It is the applicant’s contention that the trust failed to comply with the further conditions laid down by the Town Planning Appeals Board. The details of their failure to comply are set out in the affidavit of Bridget Kerr filed evenly herewith.


12.


This application seeks to compel the respondent to comply with such conditions, as the respondent is presently in violation of the Appeals Board decision.


13.


The applicant submits that for the reasons set out in that affidavit the applicant is entitled to an order directing the respondent to comply with the conditions imposed by the Town Planning Appeals Board”.


This theme is repeated in the supporting affidavit of Bridget Kerr where the following is stated:


2.


The purpose of this affidavit is to set out the grounds upon which the applicant believes that it is entitled to compel compliance with a decision of the Town Planning Appeals board as set out in the founding affidavit of Alisande Bradshaw herein in respect of the premises situated at 524/526 Peter Mokaba Road (formerly Ridge Road), Durban (“the property”)”.


and which concludes with the following submission:


16.


The applicant submits that for the reasons set out herein the applicant is entitled to an order compelling the respondent to comply with the conditions imposed in sub-paragraph 10 (a) above by the Town Planning Appeals Board”.



[19] Although the grant of the order sought by the applicant, may have as its consequence, compliance by the respondent with the provisions of the Durban Scheme, this cannot in itself justify the grant of an order enforcing compliance by the respondent with conditions, which are no longer of any force and effect.

[20] As regards the issue of costs of the application, Mr.
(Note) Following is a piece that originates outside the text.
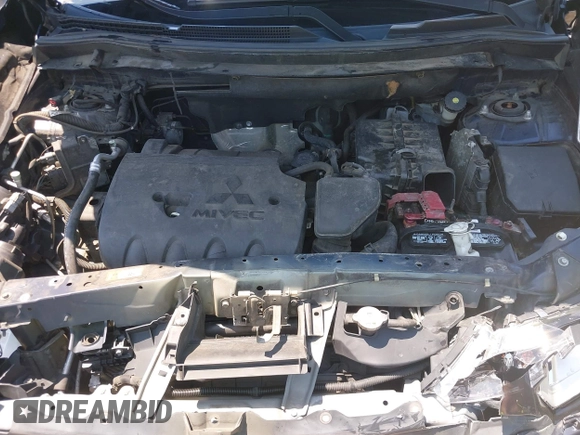 2017 Mitsubishi Outlander SE with VIN JA4AD3A36HZ031175, listed as a IAAI auction lot 42570858 with 232,875 mi miles and . Bid and sale history available at DreamBid. Image 10.
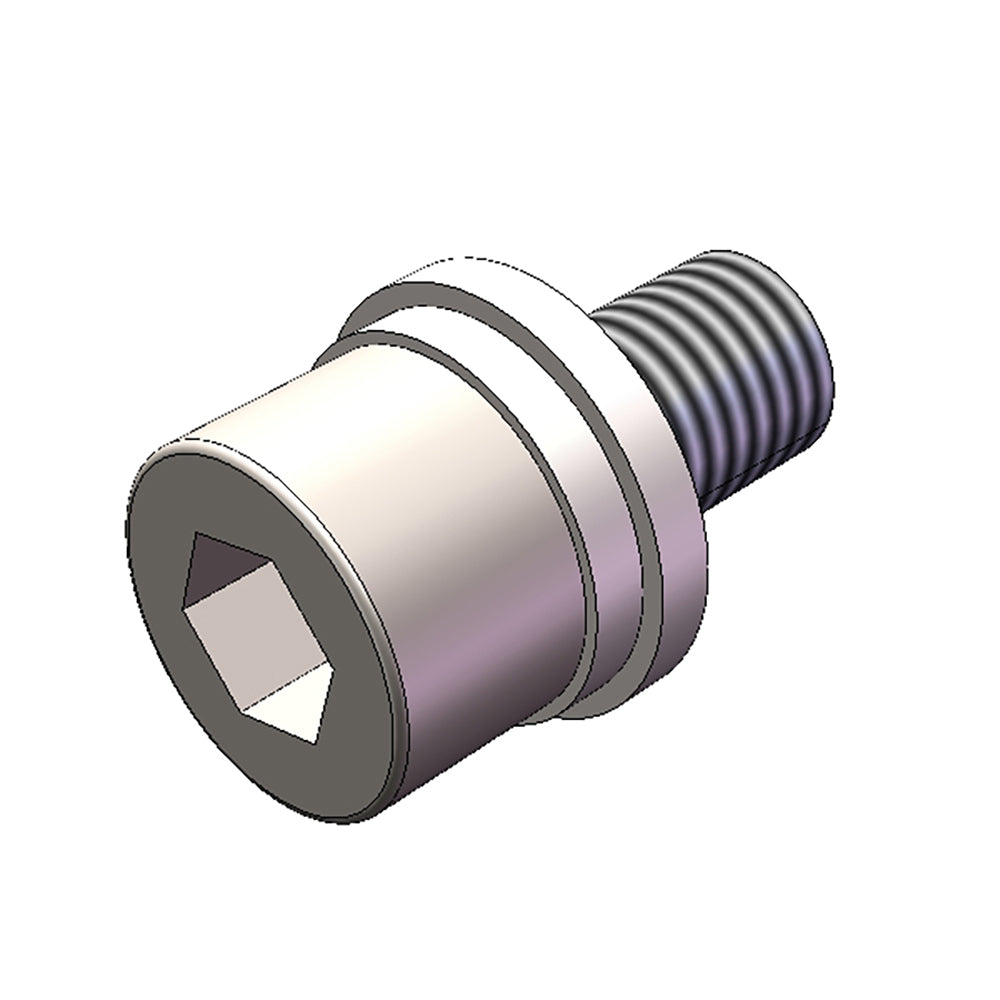 M6x12 Hex Socket Head Cap Screw with Flat Washer - BD4802 39 - Ideal for Machinery, Automotive, and DIY Projects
Van Niekerk submitted that if the application was refused, in the light of the conduct of the respondent, in blatantly constructing a further exterior staircase, without authority and failing to construct an interior staircase, as required by the Appeals Tribunal, the respondent should be deprived of its costs in successfully opposing the application.



[21] I have given consideration to this submission, but the fact remains that the basis for the application, for the reasons set out above, was from the outset misconceived.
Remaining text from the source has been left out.